4. You are almost definitely going to want to do an actual hand review of a handful of pages.
- Pages from subsections or subfolders or subdomains, if you have them, and say, “Oh, hang on. Does this actually help searchers? Is this content current and up to date? Is it meeting our organization’s standards?”
Make 3 buckets:
Using these combinations of metrics, you can build some buckets. You can do this in a pretty easy way by exporting all your URLs. You could use something like Screaming Frog or Moz’s crawler or DeepCrawl, and you can export all your pages into a spreadsheet with metrics like these, and then you can start to sort and filter. You can create some sort of algorithm, some combination of the metrics that you determine is pretty good at ID’ing things, and you double-check that with your hand review. I’m going to urge you to put them into three kinds of buckets.
I. High importance. So high importance, high-quality content, you’re going to keep that stuff.
II. Needs work. second is actually stuff that needs work but is still good enough to stay in the search engines. It’s not awful. It’s not harming your brand, and it’s certainly not what search engines would call low quality and be penalizing you for. It’s just not living up to your expectations or your hopes. That means you can republish it or work on it and improve it.

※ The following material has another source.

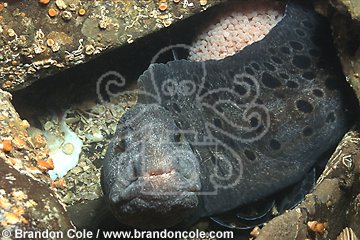 le3993. Wolf Eel (Anarrhichthys ocellatus), female protecting egg cluster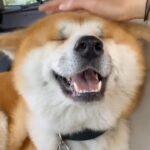 Michael Bublé Instagram - Today I discovered that people are using “It’s A Beautiful Day” to show us their doggos! Some days are just better than others. 🙌🏻🐶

III. Low quality. It really doesn’t meet the standards that you’ve got here, but don’t just delete them outright. Do some testing. Take a sample set of the worst junk that you put in the low bucket, remove it from your site, make sure you keep a copy, and see if by removing a few hundred or a few thousand of those pages, you see an increase in crawl budget and indexation and rankings and search traffic. If so, you can start to be more or less judicious and more liberal with what you’re cutting out of that low-quality bucket and a lot of times see some great results from Google.
All right, everyone. Hope you’ve enjoyed this edition of Whiteboard Friday, and we’ll see you again next week. Take care.